Il est, avec Raymond Depardon et quelques autres, l’un des derniers géants du cinéma documentaire en France. Auteur discret d’une œuvre impressionnante et subtile, qui compte des films devenus des classiques du genre, comme La Ville Louvre (1990), La moindre des choses (1997), Être et avoir (Prix Louis-Delluc 2002) ou La Maison de la radio (2013), il a reçu, en février dernier, face à une sélection de fictions prestigieuses, l’Ours d’or à la Berlinale 2023, véritable consécration internationale pour le réalisateur.
Depuis sa sortie en France le 19 avril, Sur l’Adamant – c’est le titre de la splendide fresque signée Nicolas Philibert qui nous plonge dans la vie d’un navire, amarré à Paris, accueillant des personnes souffrant de troubles psychiques – est plébiscité par la critique, rencontrant un succès public sans équivalent pour un film documentaire. « J’ai été très touché à titre personnel de recevoir ce prix prestigieux à Berlin, assure le documentariste, mais aussi pour le film documentaire tout entier, et aussi pour une certaine idée d’un cinéma artisanal ».
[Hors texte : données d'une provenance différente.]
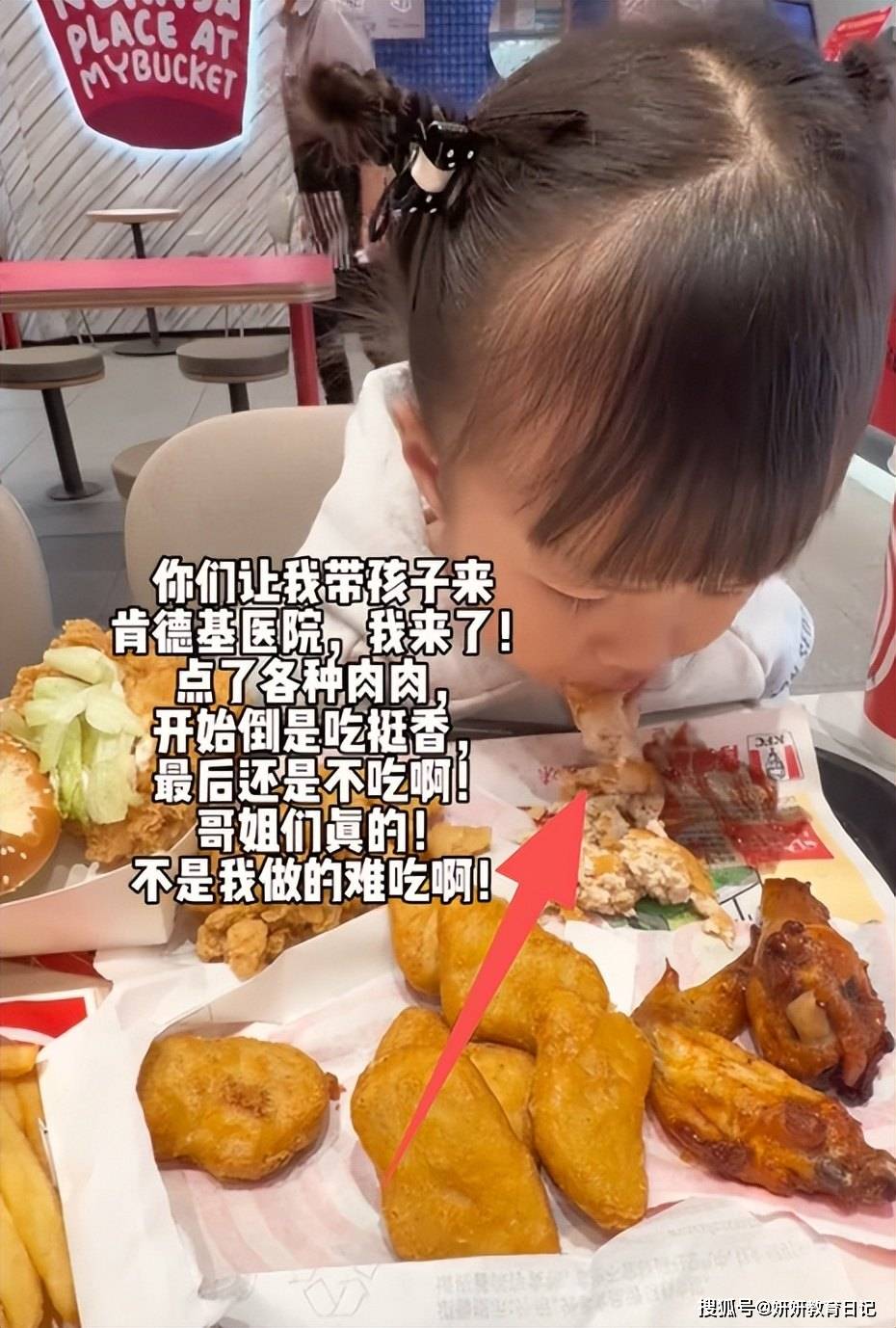 原創“別保胎了，小學班主任撐不下去了！”老師崩潰：一天擦五個屁股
Nicolas Philibert a accepté de revenir pour nous sur la place du documentaire dans le monde du cinéma (« un territoire extrêmement effervescent »), sur la frontière entre les genres (« le documentaire, c’est une autre façon de faire de la fiction »), sur sa façon de filmer son prochain à hauteur d’homme (« le film reste à l’écoute ») mais aussi sur la « précarité » de la plupart des productions de documentaires. Des propos qui tombent à point nommé à l’heure où l’Année du documentaire, qui a été lancée par le Centre national du cinéma avec le soutien du ministère de la Culture, vise à accélérer la reconnaissance d’un genre plébiscité par son public.
Vous avez déjà filmé des personnes souffrant de troubles psychiques dans La Moindre des choses. Pourquoi avez-vous eu envie de retrouver ce public pour Sur l’Adamant ?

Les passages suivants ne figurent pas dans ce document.